Maybe all Sakhir needed was to turn on some floodlights, and then the fireworks would follow?
Certainly the cooler temperatures and a few chances to test at the track during the winter helped deliver an enthralling race – but Mercedes deserve a huge chunk of the entertainment credit too.
That race could have been a real snooze given the current advantage at the silver arrows’ disposal. Nico Rosberg and Lewis Hamilton were a long way clear as the early laps ticked over, to the point where the leaders were being forgotten.
And then, bang! The two are sparring as if they were embarking on their first karting skirmish.
• Pole position – Force India: Led by a rejuvenated Sergio Perez, the Silverstone outfit produced a brilliant weekend that lifted them into second in the early constructors’ championship standings.
• Stalling – Adrian Sutil: Sauber look like lost souls so far in 2014, with Sutil ‘leading’ the way. His weekend in Bahrain was terrible – and given he’s struggling to compete with his team-mate, there appears little to excuse it.
Regardless of what some commentators seemed to bizarrely misconstrue, Mercedes only asked their men at the wheels to be careful. To be respectful.
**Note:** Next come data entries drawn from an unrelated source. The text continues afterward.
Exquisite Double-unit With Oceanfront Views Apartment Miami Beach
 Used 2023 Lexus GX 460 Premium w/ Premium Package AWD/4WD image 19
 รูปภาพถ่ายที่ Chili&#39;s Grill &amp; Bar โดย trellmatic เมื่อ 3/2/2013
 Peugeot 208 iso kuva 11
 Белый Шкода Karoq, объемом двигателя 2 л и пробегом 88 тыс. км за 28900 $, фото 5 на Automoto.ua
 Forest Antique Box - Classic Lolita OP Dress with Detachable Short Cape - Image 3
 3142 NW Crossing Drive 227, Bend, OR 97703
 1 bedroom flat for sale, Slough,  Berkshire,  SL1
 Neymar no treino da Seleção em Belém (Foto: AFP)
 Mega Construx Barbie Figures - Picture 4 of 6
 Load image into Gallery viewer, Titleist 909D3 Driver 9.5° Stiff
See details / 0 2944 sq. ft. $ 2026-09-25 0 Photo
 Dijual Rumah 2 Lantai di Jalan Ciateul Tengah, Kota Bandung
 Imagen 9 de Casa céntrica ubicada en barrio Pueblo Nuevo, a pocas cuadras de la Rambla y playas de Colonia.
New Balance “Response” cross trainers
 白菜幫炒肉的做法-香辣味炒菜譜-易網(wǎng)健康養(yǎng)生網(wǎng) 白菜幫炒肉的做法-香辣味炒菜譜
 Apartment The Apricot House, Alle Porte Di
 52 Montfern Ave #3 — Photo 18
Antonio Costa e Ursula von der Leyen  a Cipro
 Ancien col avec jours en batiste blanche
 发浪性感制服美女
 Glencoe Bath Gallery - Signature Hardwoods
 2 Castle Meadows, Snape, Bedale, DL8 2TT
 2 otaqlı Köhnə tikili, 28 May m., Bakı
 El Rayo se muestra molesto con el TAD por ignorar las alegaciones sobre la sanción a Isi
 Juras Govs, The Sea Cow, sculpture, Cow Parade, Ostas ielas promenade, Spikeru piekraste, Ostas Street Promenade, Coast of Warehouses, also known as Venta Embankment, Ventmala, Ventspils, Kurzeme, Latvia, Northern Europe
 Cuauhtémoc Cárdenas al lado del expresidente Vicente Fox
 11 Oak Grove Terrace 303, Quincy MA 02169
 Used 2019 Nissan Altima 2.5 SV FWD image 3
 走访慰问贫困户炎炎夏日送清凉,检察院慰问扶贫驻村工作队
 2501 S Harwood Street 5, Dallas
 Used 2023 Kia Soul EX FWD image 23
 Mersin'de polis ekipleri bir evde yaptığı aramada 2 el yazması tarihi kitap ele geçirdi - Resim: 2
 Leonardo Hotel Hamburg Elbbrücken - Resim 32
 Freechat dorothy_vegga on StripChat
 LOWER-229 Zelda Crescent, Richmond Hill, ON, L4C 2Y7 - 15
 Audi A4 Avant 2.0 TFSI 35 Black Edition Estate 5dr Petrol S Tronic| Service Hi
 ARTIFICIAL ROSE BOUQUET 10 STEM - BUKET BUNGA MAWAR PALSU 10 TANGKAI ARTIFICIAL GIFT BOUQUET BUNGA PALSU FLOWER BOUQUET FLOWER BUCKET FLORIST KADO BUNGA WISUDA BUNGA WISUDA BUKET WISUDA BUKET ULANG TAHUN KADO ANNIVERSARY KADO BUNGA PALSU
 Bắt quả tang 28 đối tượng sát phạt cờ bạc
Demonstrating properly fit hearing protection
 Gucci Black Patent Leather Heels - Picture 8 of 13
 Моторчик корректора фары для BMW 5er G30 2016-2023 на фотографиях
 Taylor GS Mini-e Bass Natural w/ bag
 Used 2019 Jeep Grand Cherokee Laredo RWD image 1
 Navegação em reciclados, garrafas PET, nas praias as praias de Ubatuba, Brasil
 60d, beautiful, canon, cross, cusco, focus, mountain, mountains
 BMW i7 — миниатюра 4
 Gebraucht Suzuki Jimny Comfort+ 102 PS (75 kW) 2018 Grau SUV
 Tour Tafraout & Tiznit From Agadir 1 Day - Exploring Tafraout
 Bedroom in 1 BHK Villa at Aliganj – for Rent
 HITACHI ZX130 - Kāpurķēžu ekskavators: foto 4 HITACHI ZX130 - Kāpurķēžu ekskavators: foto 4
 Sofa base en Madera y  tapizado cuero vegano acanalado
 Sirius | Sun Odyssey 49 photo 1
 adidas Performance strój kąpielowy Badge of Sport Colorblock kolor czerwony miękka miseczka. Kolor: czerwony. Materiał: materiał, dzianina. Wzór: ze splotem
And in response, I think every F1 fan would now return the favour to those at Brackley.
Don’t forget, team orders are now allowed in F1. Any team can order their drivers to do what they want, within reason. Not that Mercedes’ Paddy Lowe is a fan.
“Team orders – putting in artificial constraints – is such a terrible thing for the entertainment, the spectacle, so we believe we should let the guys race, particularly in a situation where we have a pretty dominant car, which has become clear now,” Lowe told Autosport.
“It is all the more important to keep providing that entertainment and that excitement, for all of us. That is what it is all about.
“In any case, when you start putting in team orders, everyone gets unhappy. You just end up with everyone being a loser.”
The concept suited Red Bull down to the ground, as they adapted from party boys to champions. And it may well not be this easy if Rosberg and Hamilton continue to push for the championship.
But that season-long battle is nothing but a tantalising prospect.
• Max Chilton may have had a bit of stick at times – especially on our EDPF1 podcast – for being as slow as he is reliable.
But the Brit really did a terrific job for Marussia in Bahrain.
Chilton kept out of trouble – as he always seems to do. But then he also managed to bring the car home in 13th and regain Marussia’s 10th place in the constructors’ standings from Hingham-backed Caterham.
The fact is, we will almost certainly have to wait until Chilton gets a drive somewhere else before we can tell how quick he is as a Formula One driver. But he’ll get that chance if he keep up his run.